#### Work task:
From the line that has "SPACE WHITE METALLIC" down to the final line of the listing below, transcribe every line exactly, and only those.

■ ■ ■ ■ ■

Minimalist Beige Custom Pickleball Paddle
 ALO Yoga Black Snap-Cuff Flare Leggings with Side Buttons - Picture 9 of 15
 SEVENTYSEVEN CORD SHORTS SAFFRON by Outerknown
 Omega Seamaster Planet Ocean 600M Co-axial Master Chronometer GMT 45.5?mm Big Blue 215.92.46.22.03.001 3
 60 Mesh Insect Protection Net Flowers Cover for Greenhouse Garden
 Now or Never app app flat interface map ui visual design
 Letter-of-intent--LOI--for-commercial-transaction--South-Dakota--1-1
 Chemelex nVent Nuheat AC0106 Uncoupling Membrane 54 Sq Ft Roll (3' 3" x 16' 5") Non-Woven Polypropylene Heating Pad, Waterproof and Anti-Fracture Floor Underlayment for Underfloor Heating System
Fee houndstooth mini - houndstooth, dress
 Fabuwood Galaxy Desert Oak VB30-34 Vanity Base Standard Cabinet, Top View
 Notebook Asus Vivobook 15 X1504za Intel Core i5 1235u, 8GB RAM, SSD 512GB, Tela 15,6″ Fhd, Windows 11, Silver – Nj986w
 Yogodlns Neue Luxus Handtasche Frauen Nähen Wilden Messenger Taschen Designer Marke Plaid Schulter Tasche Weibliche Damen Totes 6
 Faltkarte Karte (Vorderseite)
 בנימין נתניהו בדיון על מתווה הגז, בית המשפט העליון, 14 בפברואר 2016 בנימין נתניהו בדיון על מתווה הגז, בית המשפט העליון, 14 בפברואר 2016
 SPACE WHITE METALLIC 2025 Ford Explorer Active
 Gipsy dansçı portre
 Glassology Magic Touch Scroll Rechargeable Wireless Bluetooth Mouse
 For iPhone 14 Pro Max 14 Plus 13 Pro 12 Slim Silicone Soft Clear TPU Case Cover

■ ■ ■ ■ ■

#### Result below:
 SPACE WHITE METALLIC 2025 Ford Explorer Active
 Gipsy dansçı portre
 Glassology Magic Touch Scroll Rechargeable Wireless Bluetooth Mouse
 For iPhone 14 Pro Max 14 Plus 13 Pro 12 Slim Silicone Soft Clear TPU Case Cover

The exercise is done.